Dynamic Analysis and Control of Hydraulic Machine System and Industrial Robotic Manipulator

• Main Authors: Cao-Sang Tran, 陳高創
• Other Authors: Yunn-Lin Hwang
• Format: Others
• Language: en_US
• Published: 2016
• Online Access: http://ndltd.ncl.edu.tw/handle/z33bw9

碩士 === 國立虎尾科技大學 === 動力機械工程系機械與機電工程碩士班 === 104 === Within the field of the multi robotic manipulator control, there is a large focus in research involving field. In this thesis two parts are going to be studied: dynamic control on hydraulic machine system and kinematic control on industrial robotic manipulators.
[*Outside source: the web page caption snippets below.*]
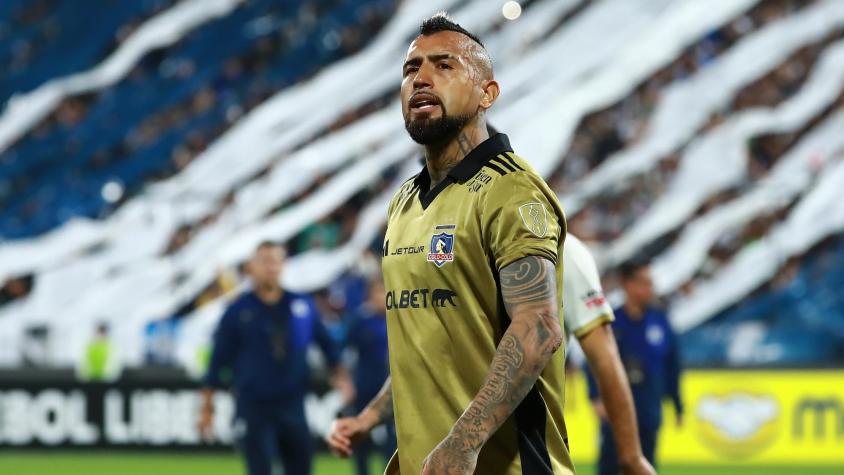 Arturo Vidal en Copa Libertadores. Crédito: Photosport.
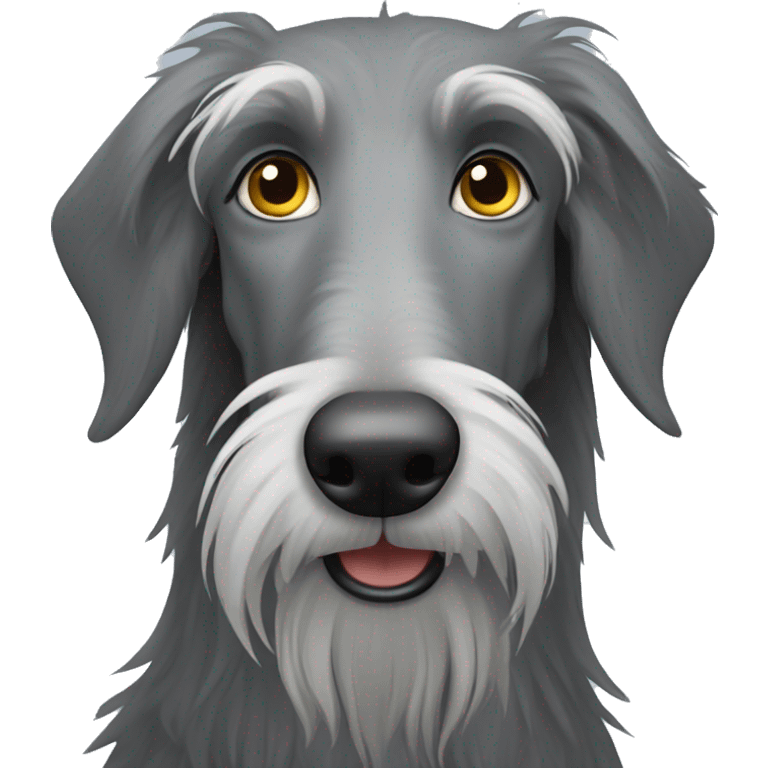 Grey deerhound emoji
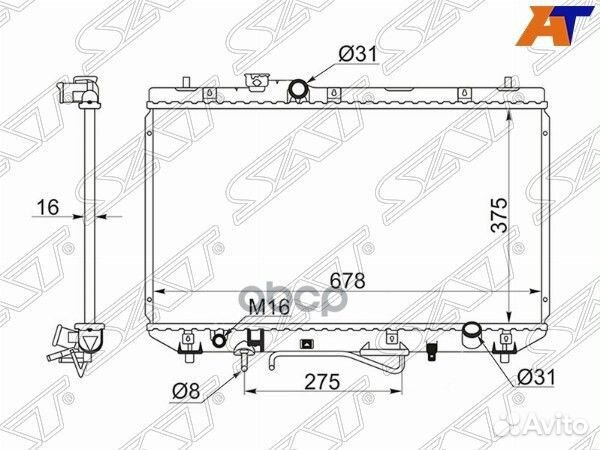 Радиатор Toyota Camry 94-98 / Vista 94-98 TY000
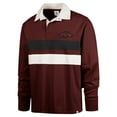 thumbnail image 2 of Men's '47 Cardinal Arkansas Razorbacks Clubhouse Knox Thames Long Sleeve Rugby Polo, 2 of 3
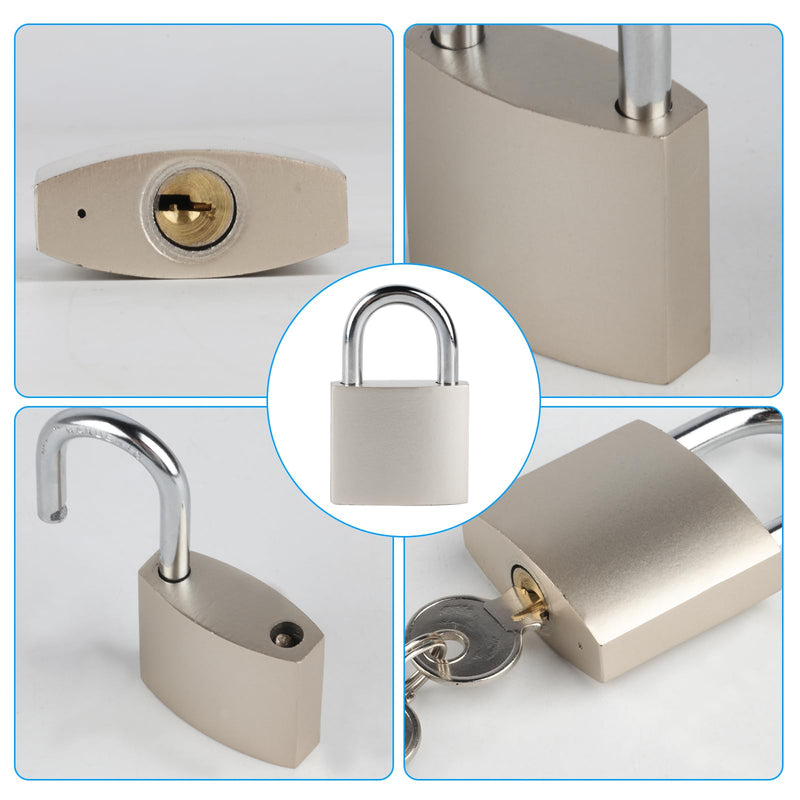 [Australia - AusPower] - 1 set Stainless Steel Padlock Hasp, Door Hasp Latch Locks, Padlock Latch Gate Door Locks Hasp Latches, Heavy Duty Hasp Lock Latch with Lock Key for Cabinet Closet Shed Door Lock Hasp Latch Catch, 5"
The main objective of this research was to analyze dynamic, forward kinematic and inverse kinematic on a couple of mechanical systems and hydraulic mechanical systems in order to control these machine. Combining with simulation on numerical tools that will also be established in this thesis. The control designed system consists of simulation on numerical tools and experimental results. That is going to help in investigating control analysis and development. The first topic establishes the simulation model between AMESim software and RecurDyn software to track a specific path. The dynamic analysis and control states of dynamic system and hydraulic control system are analyzed by both the CAE softwares - AMESim and RecurDyn. The simulators of these systems are applied to a real virtual model in order to investigate the operations of hydraulic machine tools. The research achievements developed in this investigation can also be used in other multi-body dynamic systems. The second topic, industrial robotic dynamics, forward kinematics and inverse kinematics are archived based on control theories. These are applied for R-R-R and R-R-R-R-R-R manipulators built by DYNAMIXEL servo motors and that is going to be compared with performances from RecurDyn software. With respect to codes that will be written on supported software for AVR microcontroller such as controller for R-R-R-R-R-R robotic arm, DSPIC microcontroller is used for R-R-R manipulator and the programming language is deployed in this study. These experimental results are corresponding to goals by following the inverse kinematic equations evaluated by analyzing based on control methods. These take innovations and achieve control improvement in different systems with optimization controller or trajectory planning.